Прежде чем приступить к анализу моральных оснований оценок москвичами миграции и мигрантов, представим дизайн проведенного исследования.
Организация исследования
Предмет исследования — моральные аспекты восприятия феномена миграции и мигрантов из республик Северного Кавказа населением Москвы.
Объект исследования: население Москвы в возрасте от 17 до 60 лет: русские (коренное население в нескольких поколениях) и представители народов Северного Кавказа, проживающие в Москве не менее 1 года.
В исследовании использовалась целевая выборка, ориентированная на поиск индивидов, суждения и оценки которых могут быть показательны (информационно насыщенны) для изучения морального компонента взаимоотношений мигрантов и принимающего населения в Москве.
Использование метода фокус-группы позволяет исследовать процессы взаимной адаптации представителей принимающего населения и мигрантов в тех интерпретациях, которые продуцируются самим акторами, и вскрыть, таким образом, моральную основу оценок миграции и мигрантов принимающим населением.
На первом этапе использовалось открытое кодирование по предложениям и параграфам по принципу «главная идея». На втором этапе применялось избирательное кодирование, выстраивалась ось ключевых категорий. Далее использовалось осевое кодирование: вокруг центральной темы — «Моральные аспекты взаимоотношений мигрантов и принимающего населения» — шел поиск подтем, которые проясняли основную тему: группоориентированные моральные основания — сплоченность / лояльность к «своим», уважение к авторитету, почитание священных для группы объектов, эмоциональные оценки миграции и мигрантов.
Группы проводились по гайду. Расшифровка записей фокус-групп оформлялась в транскрипты фокус-групп в формате Ms. Word.
Отношение москвичей к феномену миграции и мигрантам
Активное эмоциональное неприятие миграции в Москву продемонстрировали участники фокус-групп старше 25 лет: «В выходные, пожалуйста, ты едешь в метро... Такое ощущение, что мы в кишлаке» (Ж., 45 л.); «Москва просто задыхается, мне кажется, уже» (Ж., 32 г). При этом негативные эмоции вызывают все приезжие — независимо от территории исхода, в том числе и соотечественники из других регионов: «Вся страна сюда едет. Вся страна. Раньше был лимит. Чтобы приехать в Москву, надо было в институт... поступить. Конкурс! И не было вот этого безобразия, как сейчас. А сейчас — пожалуйста. Захотел — вот он и приехал» (Ж., 40 л.).

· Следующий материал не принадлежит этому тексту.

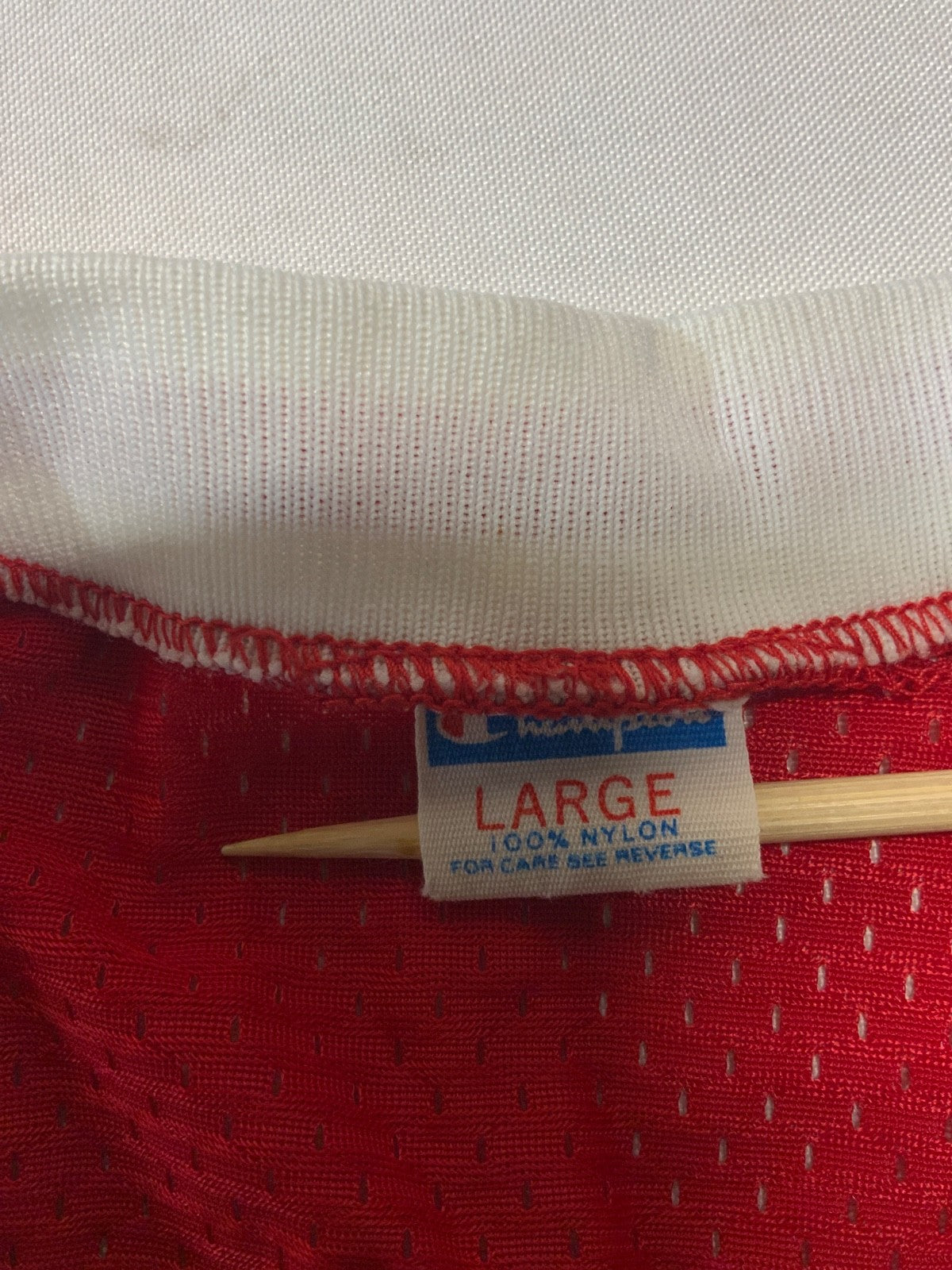 Vintage Wisconsin Badgers Jersey Large Champion Red Ncaa 1970s Blue Bar Mesh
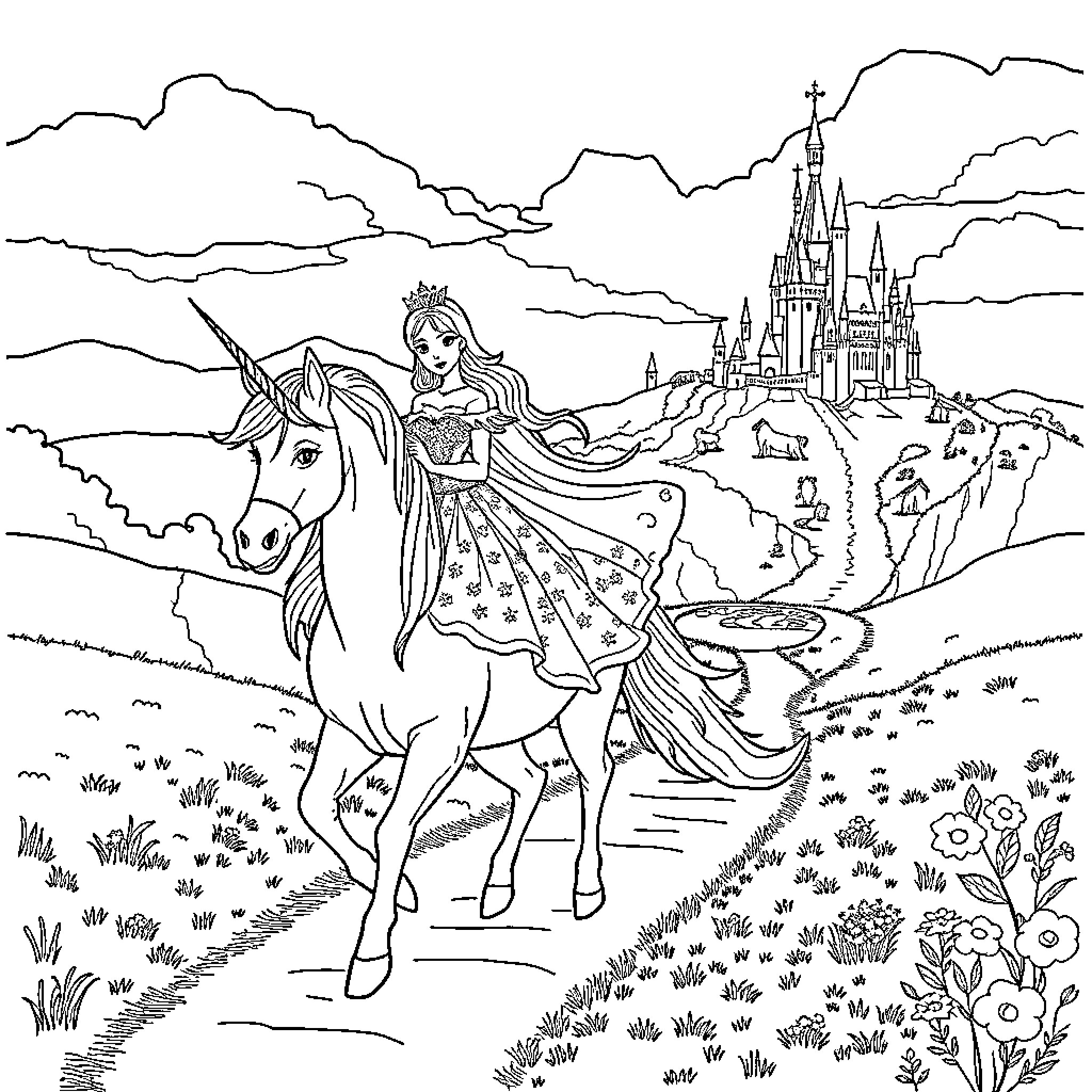 Princess riding unicorn in enchanting landscape Coloring Page (free black-and-white line drawing printable PDF for all, from beginners to advanced learners, including children, teens, adults, and seniors)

Среди причин негативизма участниками фокус-групп представляются следующие:
1. Ощущение опасности, исходящей от мигрантов: «Какое-то ощущение тревожности, оно присутствует.... И оно усиливается» (Ж., 40 л.).
2. Конкуренция на рынке труда: «Несколько лет пытаюсь найти работу. Паспорт — москвичка — до свидания. Вот это как?» (Ж., 36 л.); «Работы и вообще места в Москве уже нет, серьезно» (Ж., 33 г.).

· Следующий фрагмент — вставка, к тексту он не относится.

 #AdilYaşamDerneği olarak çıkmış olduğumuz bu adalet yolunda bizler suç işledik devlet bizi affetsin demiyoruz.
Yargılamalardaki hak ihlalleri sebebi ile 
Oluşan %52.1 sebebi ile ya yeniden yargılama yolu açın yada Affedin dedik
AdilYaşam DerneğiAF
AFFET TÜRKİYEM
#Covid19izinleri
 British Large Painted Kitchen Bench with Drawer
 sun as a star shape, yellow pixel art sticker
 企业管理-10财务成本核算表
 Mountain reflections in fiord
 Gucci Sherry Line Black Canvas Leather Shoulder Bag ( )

3. Конкуренция в доступе к разного рода социальным сервисам. Женщинами чаще всего отмечаются проблемы в сфере дошкольного и школьного образования и качество образовательных услуг, ответственность за снижение которого также приписывается мигрантам: «А в школах уже засилье... вот там вот учится мигрантских, которые именно туповатые, они тормозят развитие других» (Ж., 45 л.).
4. Некая эмоциональная «усталость», возможно, как последействие ранее названных факторов, от постоянных столкновений с Другими: «Мы это понимаем, что они вынуждены, но мы все равно страдаем» (Ж., 45 л.).

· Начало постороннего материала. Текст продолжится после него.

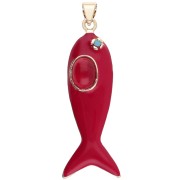 Pendente a forma di pesce 39x11 mm in resina epossidica e ossido di zirconio - Rosso - Turchese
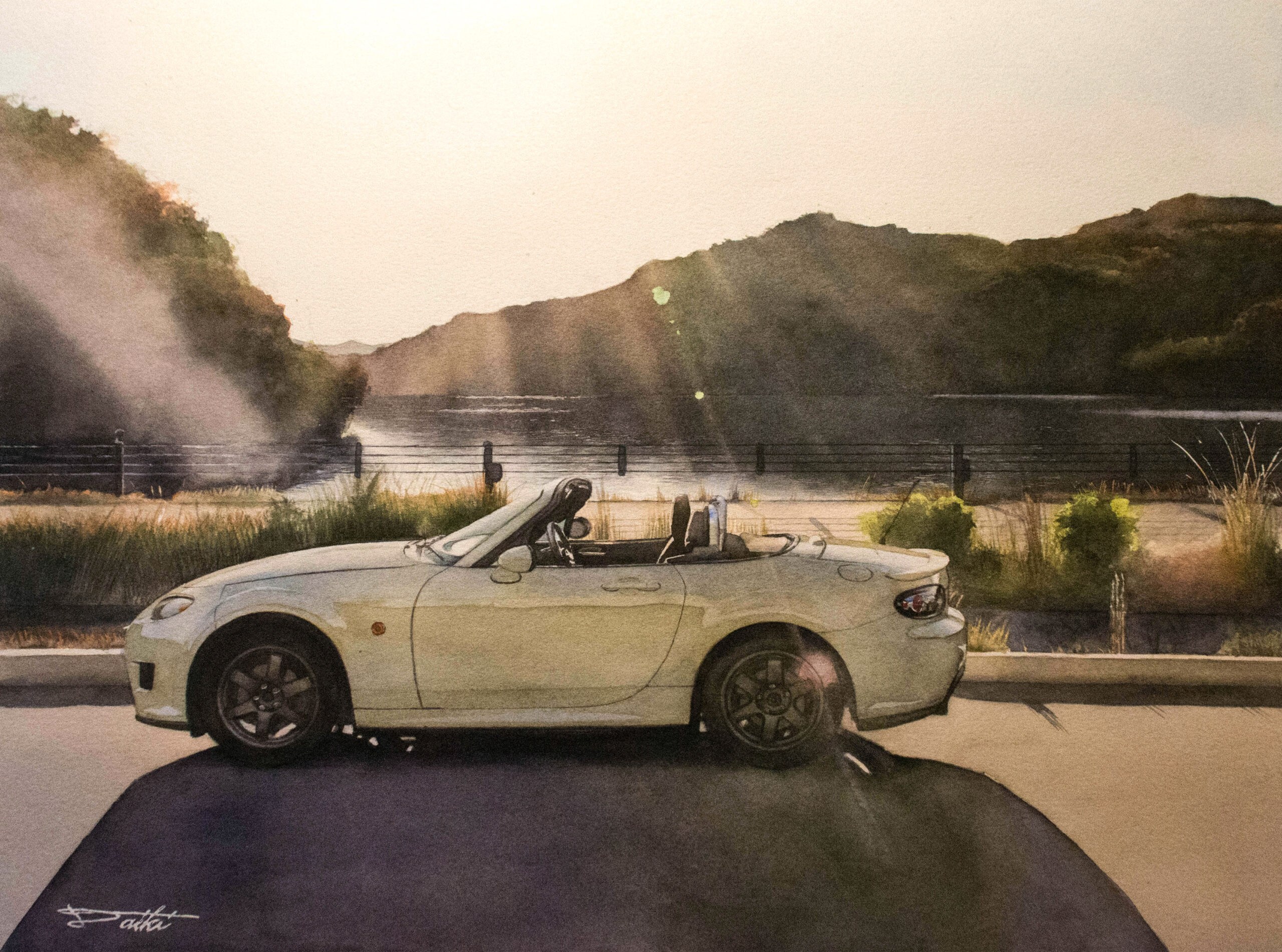 MAZDA NCEC ロードスター アナログ水彩車イラスト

Итак, участниками фокус-групп проговорены все популярные «кавказские» темы: обилие «кавказцев» в российских (как принято говорить, «на 90 % русских») городах; их предприимчивость, наносящая вред «коренным русским» жителям; их «традиционная» сплоченность, соответственно, угроза солидарных действий в конфликтных ситуациях; связь миграции с Кавказа и роста преступности в российских городах; кавказские / горские стереотипы общественного поведения (в том числе, сексизм и стремление к показному потреблению). Эмоциональный фон дискурса, как мы видим из представленных выше цитат, определяется чувством тревоги, источником которой становится воспринимаемая (воображаемая) конкуренция между группами за ограниченные материальные и нематериальные ресурсы — рабочие места, жилье, власть, безопасность, мораль и идентичность (Scheepers et al. 2002; Stephan W., Stephan C. 2000).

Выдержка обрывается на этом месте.